> **The problem**:
Without any of the pictures, print every record below exactly.

---------- Input records

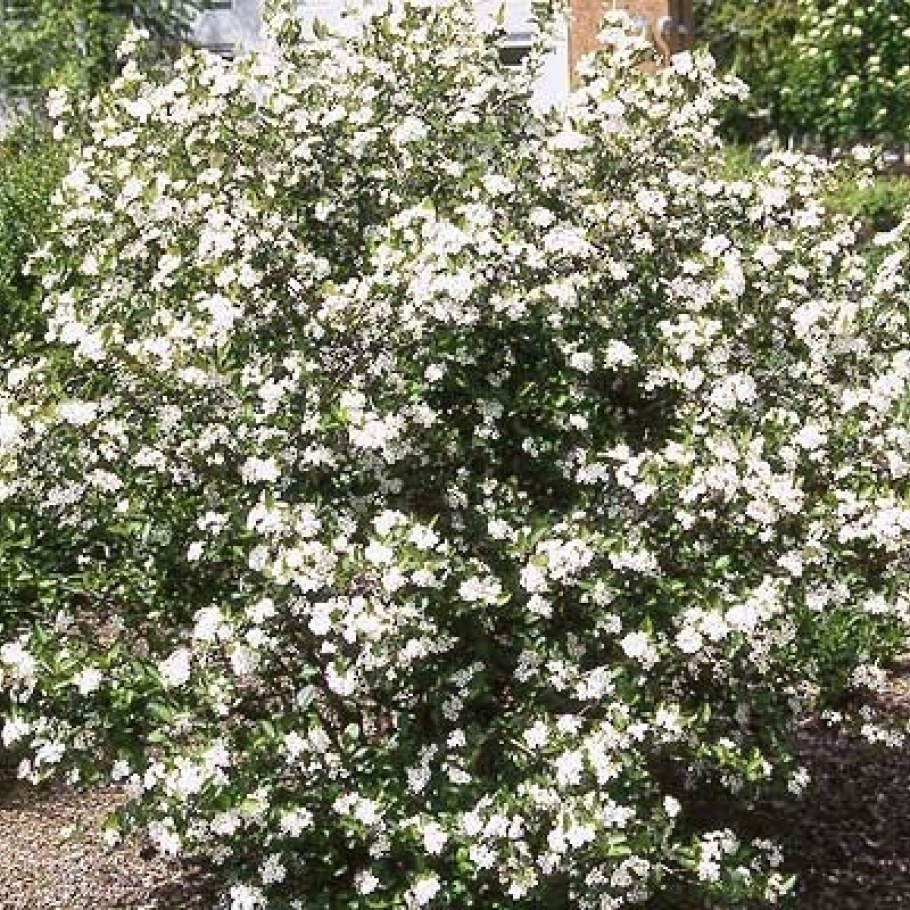 Арония кустарник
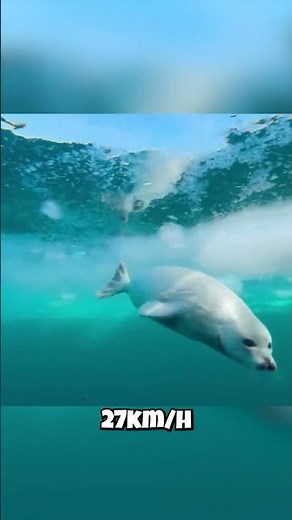 Seals That Can FLY Underwater?! 💨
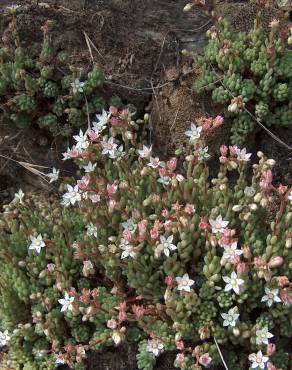 Fotografia 6 da espécie Sedum hirsutum no Jardim Botânico UTAD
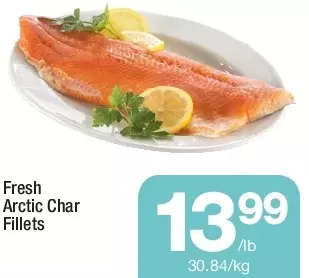 Fresh arctic char fillets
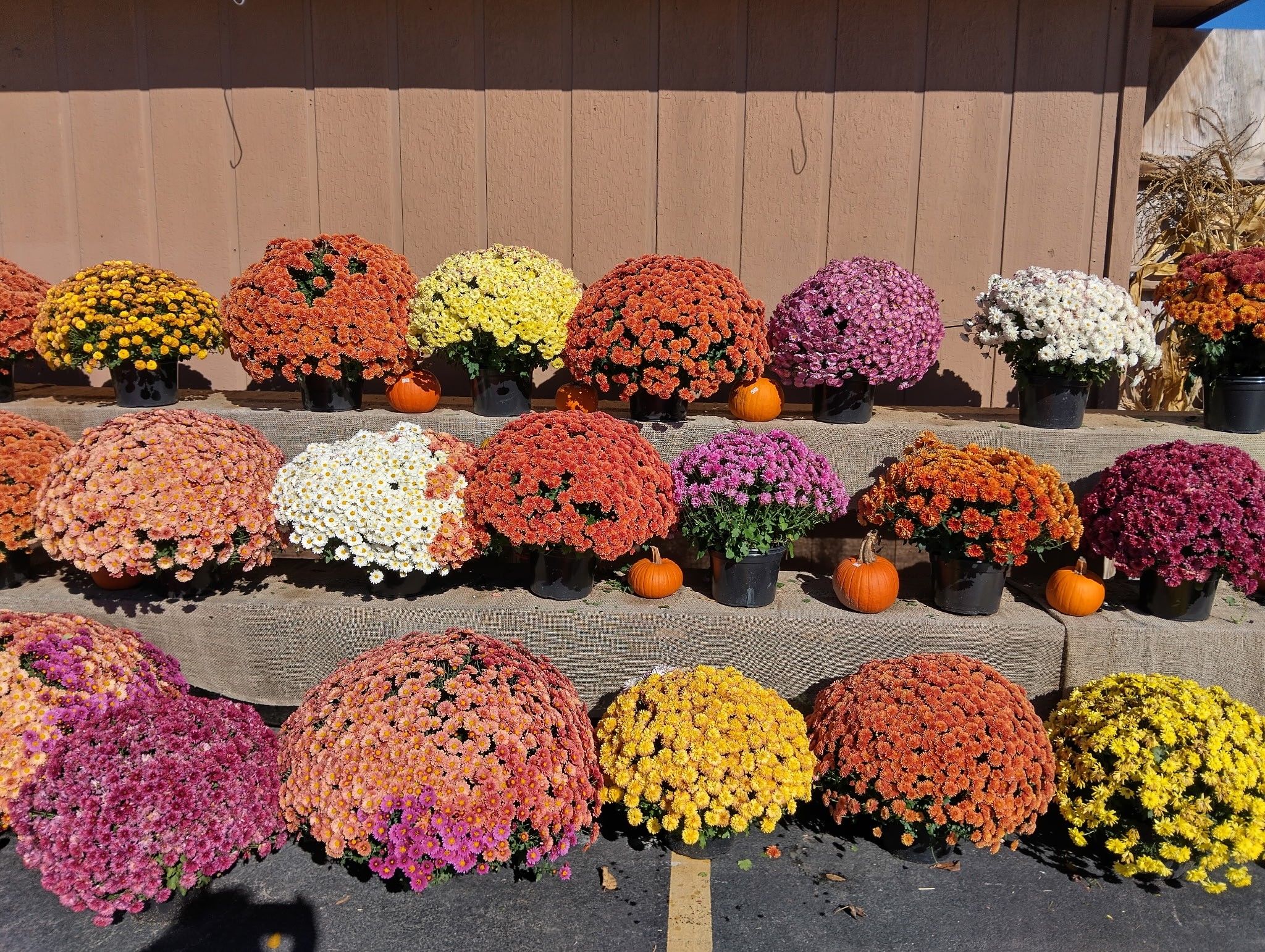 Feed 'N' Seed Inc. | Port Huron MI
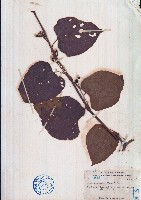 藏品(毛葉白粉藤、苦郎藤)的圖片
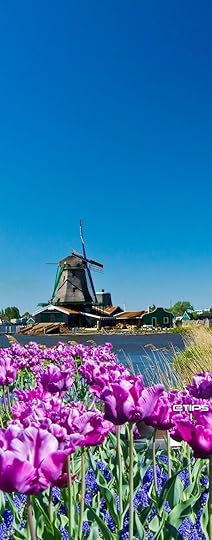 DUTCH WINDMILL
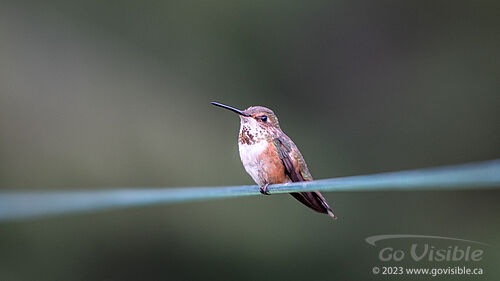 Hummingbirds - Kooteneys BC, Canada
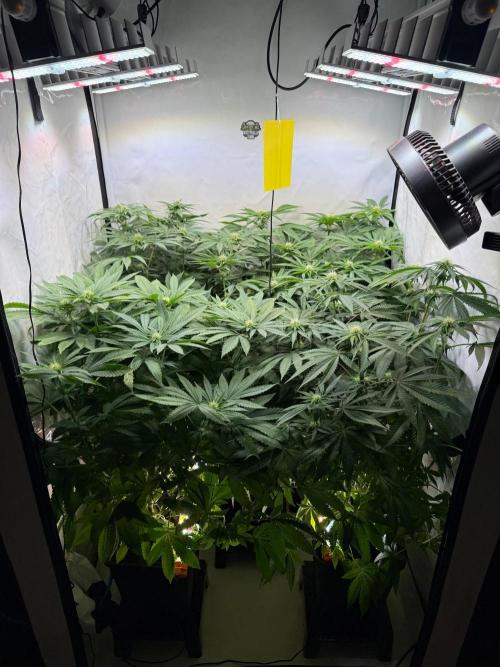 "Papaya Z" aka "Zazaya" by Terphogz. Week 9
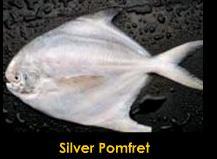 Silver Pomfret Fish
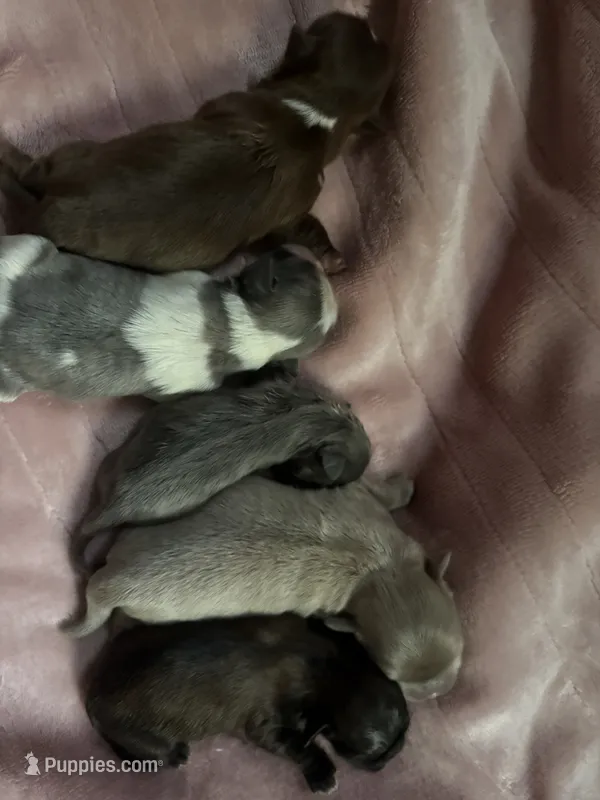 Shihtzu babies – Shih Tzu puppy for sale in Middletown, OH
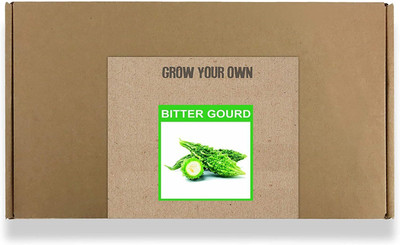 CYBEXIS Fast Germination Bitter Gourd Seeds400 Seeds Seed(400 per packet)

--------------------

> **Response area**:
 Арония кустарник
 Seals That Can FLY Underwater?! 💨
 Fotografia 6 da espécie Sedum hirsutum no Jardim Botânico UTAD
 Fresh arctic char fillets
 Feed 'N' Seed Inc. | Port Huron MI
 藏品(毛葉白粉藤、苦郎藤)的圖片
 DUTCH WINDMILL
 Hummingbirds - Kooteneys BC, Canada
 "Papaya Z" aka "Zazaya" by Terphogz. Week 9
 Silver Pomfret Fish
 Shihtzu babies – Shih Tzu puppy for sale in Middletown, OH
 CYBEXIS Fast Germination Bitter Gourd Seeds400 Seeds Seed(400 per packet)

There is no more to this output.